**EXERCISE DESCRIPTION:** Please repeat word for word the line containing "New York Pubs McMahon's Public House" and every following line up to and including the last one below, pictures excluded.

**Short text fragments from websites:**
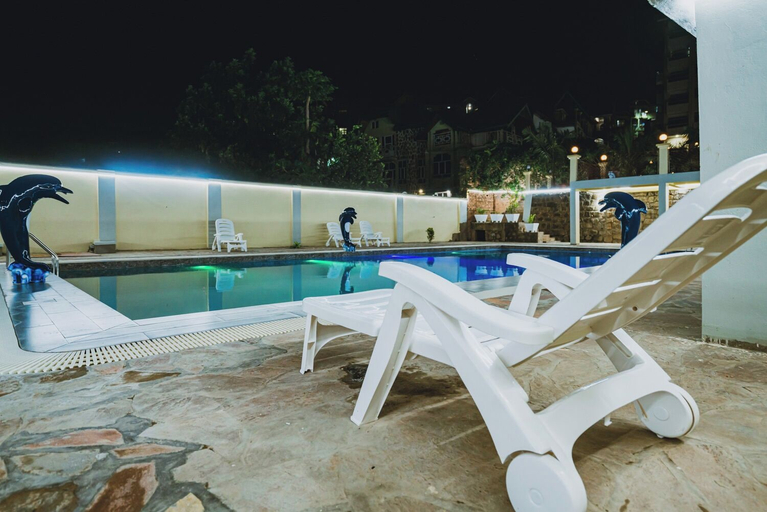 Pool 5, BACH PALACE, Bukavu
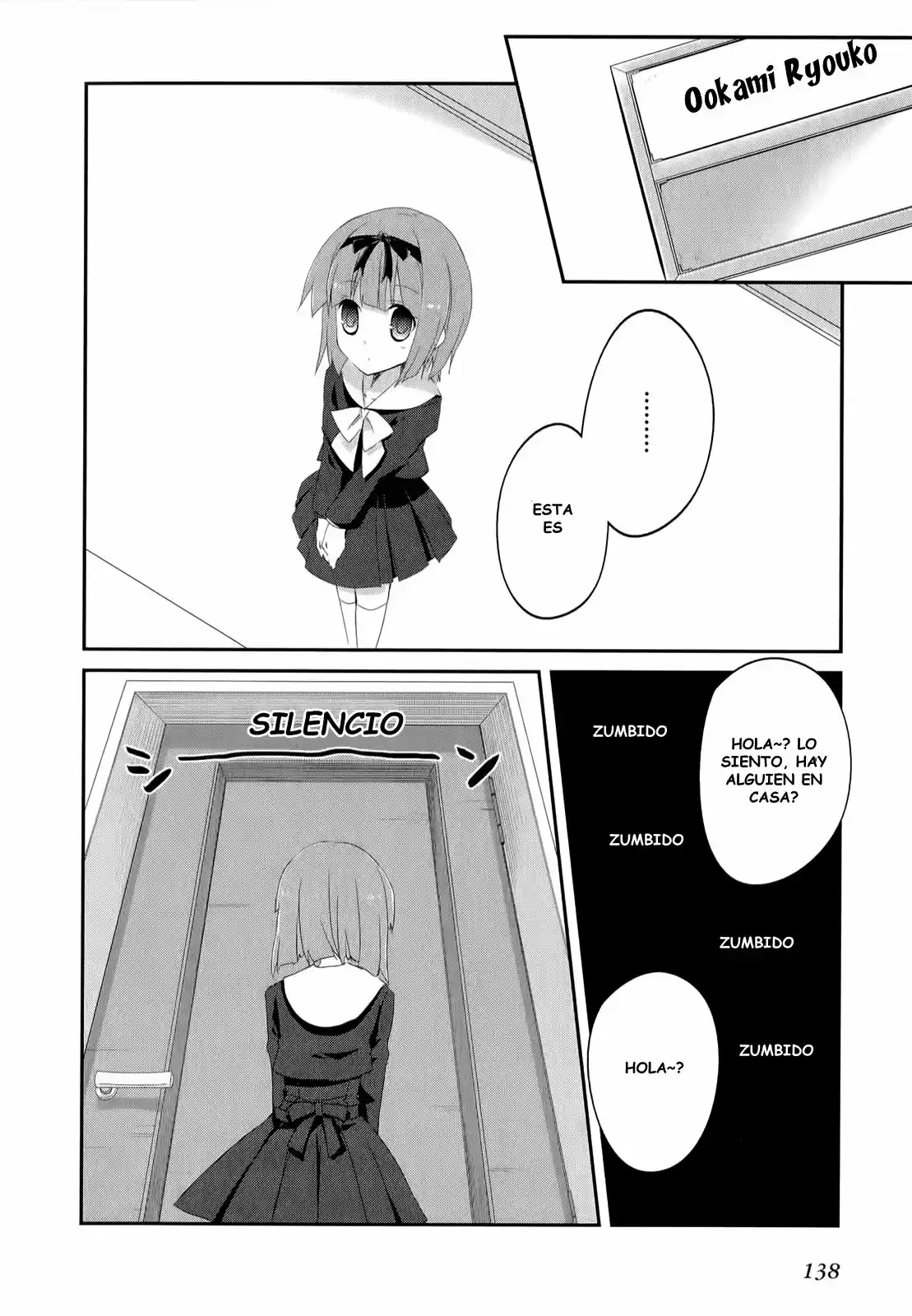 Ookami-san To Shichinin No Nakamatachi - Capítulo 19 - Página 7 - LectorTMOo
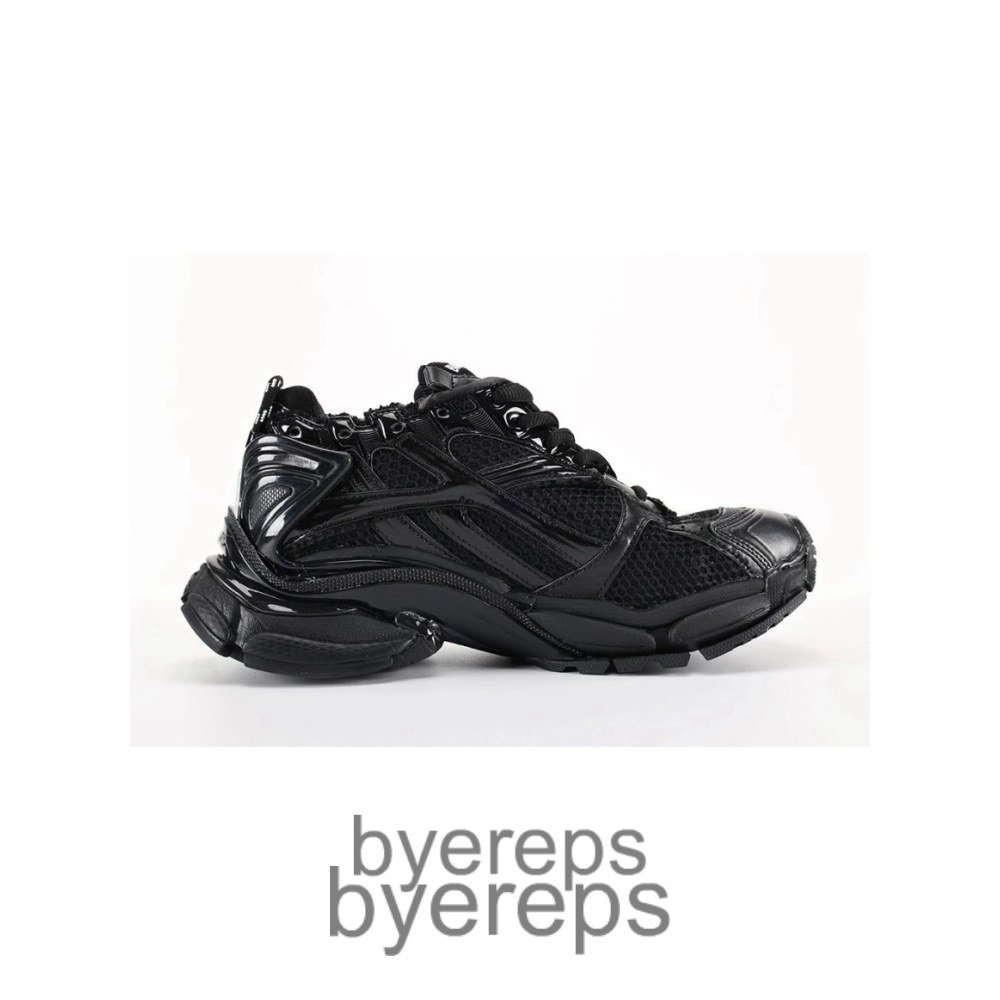 Balenciaga Runner 2.0 Black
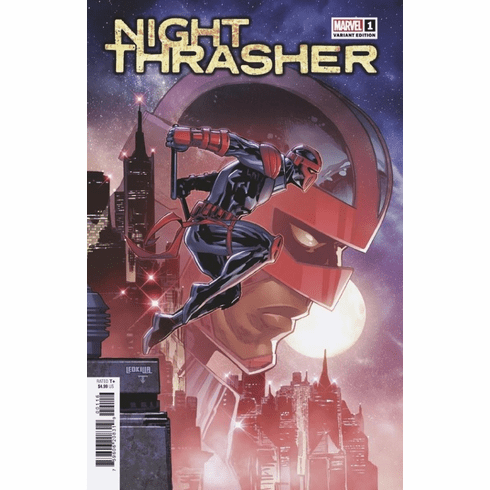 Night Thrasher # 1 (Incentive Variant)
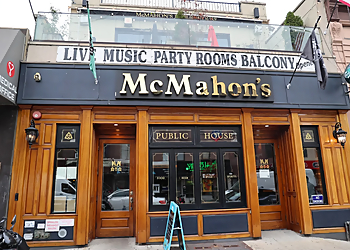 New York Pubs McMahon's Public House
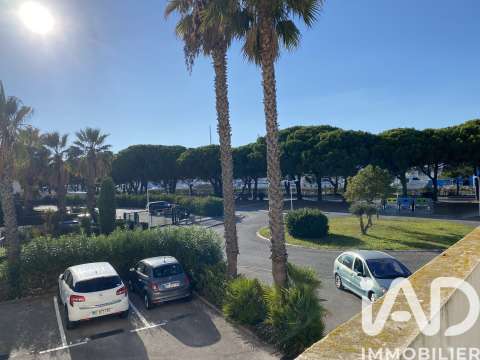 Vente appartement 2 pièces Le Grau-du-Roi 30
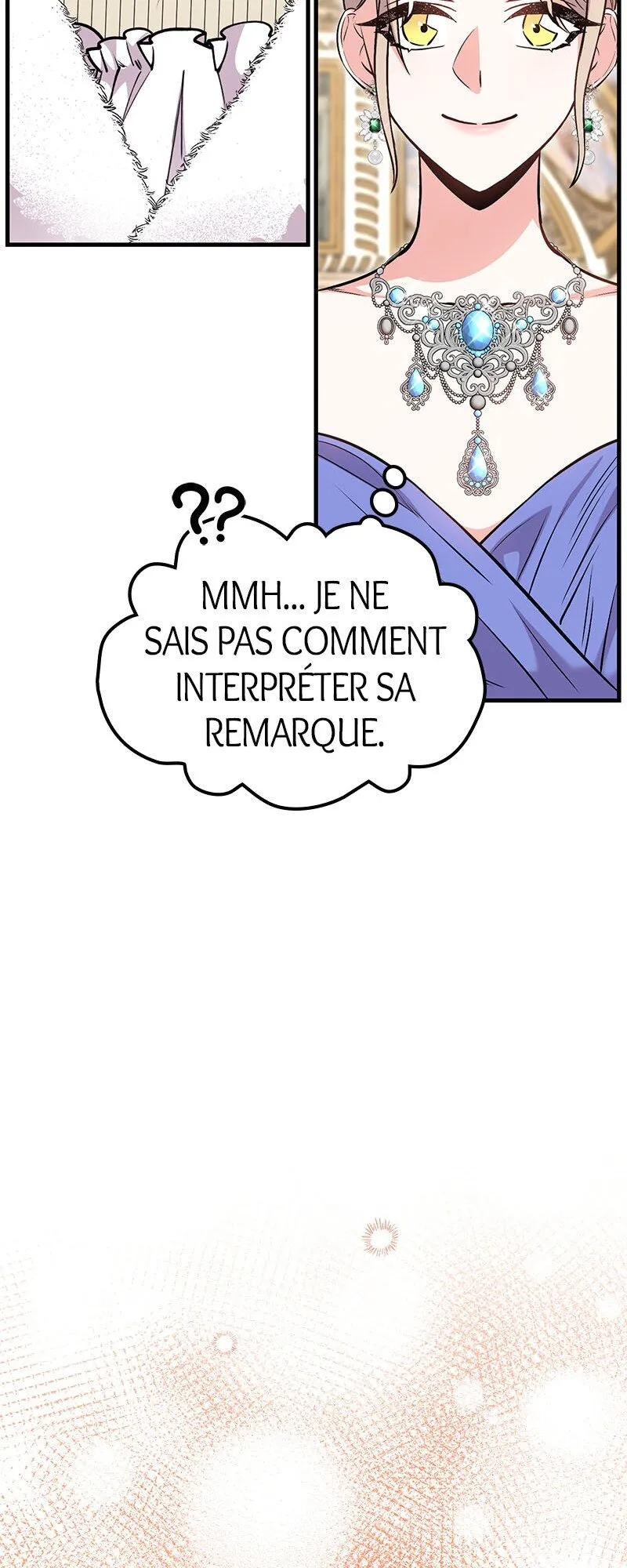 Read Le mariage opalescent d’Amélia FR Manga Online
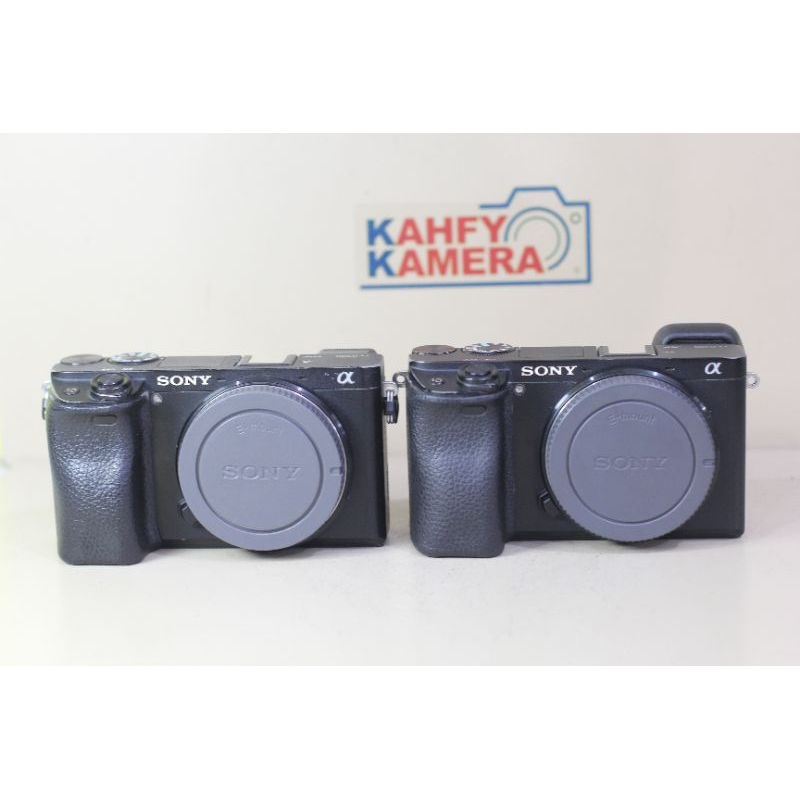 Mirrorless SONY A6300  (Body only)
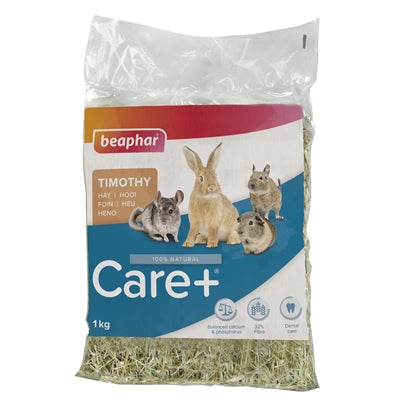 BEAPHAR CARE+ TIMOTHY HOOI 1 KG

**ANSWER SECTION:**
 New York Pubs McMahon's Public House
 Vente appartement 2 pièces Le Grau-du-Roi 30
 Read Le mariage opalescent d’Amélia FR Manga Online
 Mirrorless SONY A6300  (Body only)
 BEAPHAR CARE+ TIMOTHY HOOI 1 KG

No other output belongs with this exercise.